Fr. Fernando Cortés Barbosa, Comboni Missionary

Missionary experience in the CAR


Enlarge the space of your tent, extend the ropes, strengthen the stakes.” Is 52:2

I have completed my first month in the Central African Republic (CAR), which is located in the heart of Africa! So I can only share my first impressions!

I’m in the capital, Bangui, to improve my French and learn Sango, as these are the official languages of the country. The whole country has approximately 6 million inhabitants! It is facing serious economic problems, in education, health and especially a lack of work and prospects for young people. It’s a period of reconstruction and peace remains very fragile here.

In the first few days I had the opportunity to travel to Mongoumba, where the International CLM Community is located. It’s 160 km away from the capital and we traveled this stretch in about 6 hours due to the rain and the road conditions.
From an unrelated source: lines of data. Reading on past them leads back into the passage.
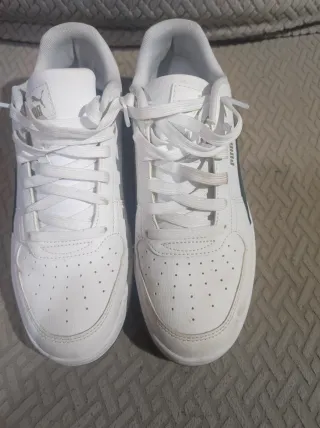 Tenis Puma Blancos con Detalle Verde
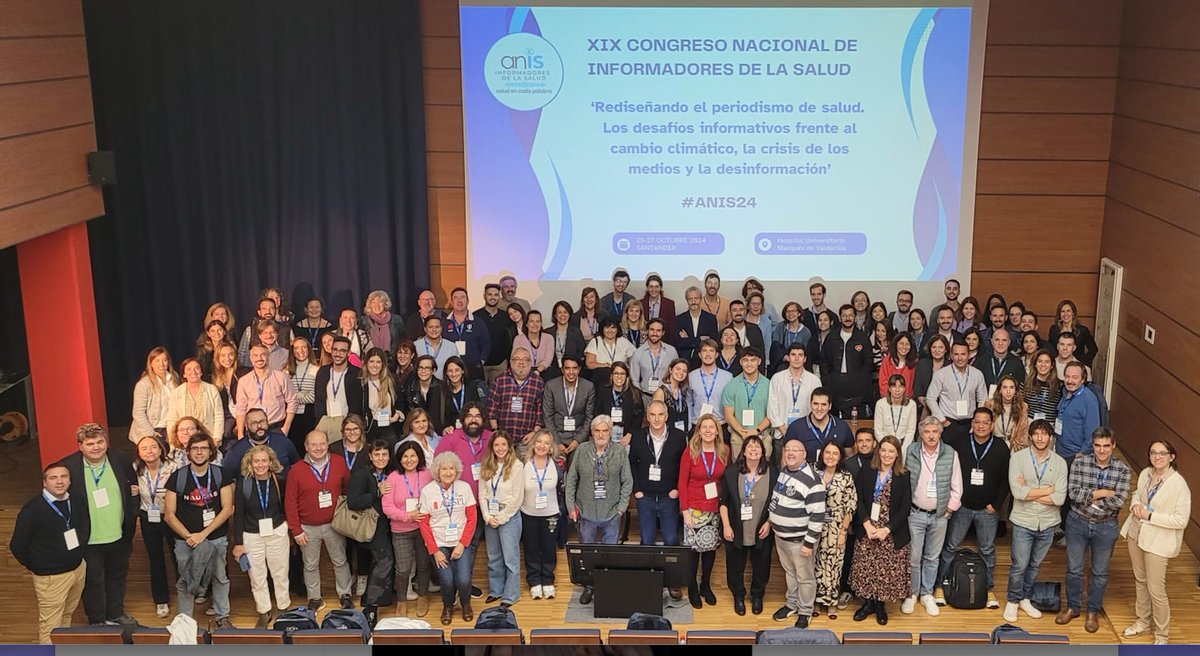 anisalud's tweet photo. #ANIS24 |Foto de Familia
¡Gracias a todos los que lo habéis hecho posible!
😍#Congresistas 
😍#Ponentes
😍#Patrocinadores
😍Delegación #Cantabria 
😍Hospital Valdecilla @HUnivValdecilla 
😍Ayto. de Santander @ayto_santander 
😍 Equipo Comunicación @WictoriaconW 
😍Junta Directiva https://t.co/xN1WV2HlQK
View of the CLM House in Mongoumba – RCA

It was a great gift to be able to take part in the ordination to the diaconate of Ezra, who made his perpetual vows in the Congregation of the Comboni Missionaries and was ordained as a deacon. It was a beautiful, joyful Mass with an offertory that I will never forget. When the community came in dancing and offering gifts to the newly ordained deacon, everything from a goat to a handful of peanuts or some bananas, it was very meaningful. I think it was my first four-hour Mass and I didn’t even notice the time passing.

We haven’t yet defined what we’re going to do, because the community has just come together with the arrival of Elia. The work of the CLM has been in health, as we are responsible for the Da ti Ndoye Center – House of Love, which is a small rehabilitation center and a dispensary; in the area of education, with the accompaniment and coordination of the parish schools, and in pastoral care and support for the Aká people.

Rehabilitation center and care for the Aka people

Cristina Sousa – Portuguese CLM with the Aká children in Mongoumba/RCA

While in Bangui, I would like to highlight two important experiences among many:

– The visit to the Comboni parish of Our Lady of Fatima, located in a very conflictive area. During the intense period of the war, many people were refugees and some died in a clash, including a diocesan priest. People suffered a lot and the consequences are still present. Today there is a Formation Center in Memory of the Martyrs and there is a lot of training in religious tolerance, non-violent communication, accompanying people with war traumas, … The chapel of Casa Comboni keeps a chalice that was in the sacristy at Fatima and was hit by a bullet.

Another highlight is the testimony of the life and donation of Fr Gianantonio Berti, an Italian who arrived here in 1967. It was a gift from God to spend these days with Father Berti – an 86-year-old MCCJ with 46 years of presence in the Central African Republic. He is a very generous person, whom people love and respect. He communicates very well with the people, knows the language very well and is very close to the people of the region.

Cristina and pe Berti who traveled to Italy,

It hasn’t been easy, at this point in my life, to learn another language, in this case two other languages, and the most important thing would be to learn the third, which is Aka. But I’m very inspired by Cristina Souza – CLM who is here and she manages to connect with people. I’m working hard to improve my communication skills and to be with these people who are so welcoming. Despite the difficulties, I’m very happy to be here.

May we have the grace of the disciples on the way to Emmaus to meet the Risen Lord in the sharing of life and bread! Hearts burning and feet on the road! United in prayer!

CLM Community with Monsignor Jesus – Bishop of M’Baiki – Diocese where we are present.